As to the RunWindowsUpdate, go here and download Spybot:

http://tomcoyote.org/SPYBOT/

hit the online tab to search for and download the updates, then shut down and relaunch SpyBot.

Finally, after closing down Internet Explorer, hit 'Check All', and have SpyBot remove all it finds.

For the other files, go to Run and type MSCONFIG, startup tab. Uncheck the ones you don't want, apply and restart.

eddie


----------



## RPhox (Apr 21, 2001)

thanks for the help but it turns out that the Nero Express that came with the burner was no good. I downloaded a version from the internet and everything works fine.

thanks again


----------



## eddie5659 (Mar 19, 2001)

Thats good to hear 

eddie


----------



## mikebruce11 (Jan 18, 2002)

I get the SAME friggen problem. But unlike you, downloading different versions has not helped. NERO hanst been ANY help at all. They said my HD was too full that I need a min of 300mb or NERO wont function properly. I have a 60 gig hard drive that has over 40 gigs left. 
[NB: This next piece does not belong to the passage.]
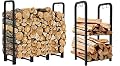 Artibear 4ft Outdoor Firewood Rack With Indoor Small Wood Storage Holder for Fireplace, Black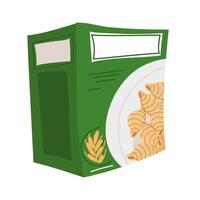 un plano ilustración de un pegar en un cartulina caja diseñado para almacenamiento. eso es adecuado para culinario temas y comida marketing. aislado verde caja en blanco con un imagen de pasta en un plato vector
PLEASE! Im pulling my hair out.

Win XP
60 GIG HD
Nvidia Gefore 4 ti4200
nero 5.9 (i tried them all)
Soundblaster live


----------



## RPhox (Apr 21, 2001)

I'm using the "illegal" copy of Nero w/o problems. I even tried to install the legal copy on my son's pc and it wouldn't even finish the install.

I also gave up on Nero support. About a month after my original email to them, I got an answer saying that they were sorry it took so long for them to reply - BUT THEY DIDN'T OFFER A SOLUTION! It's no wonder so many people use illegal versions.

You might want to make sure that you clean out the registry of all Nero refs before you install a different version. Sorry I can't be more help.

RFox


----------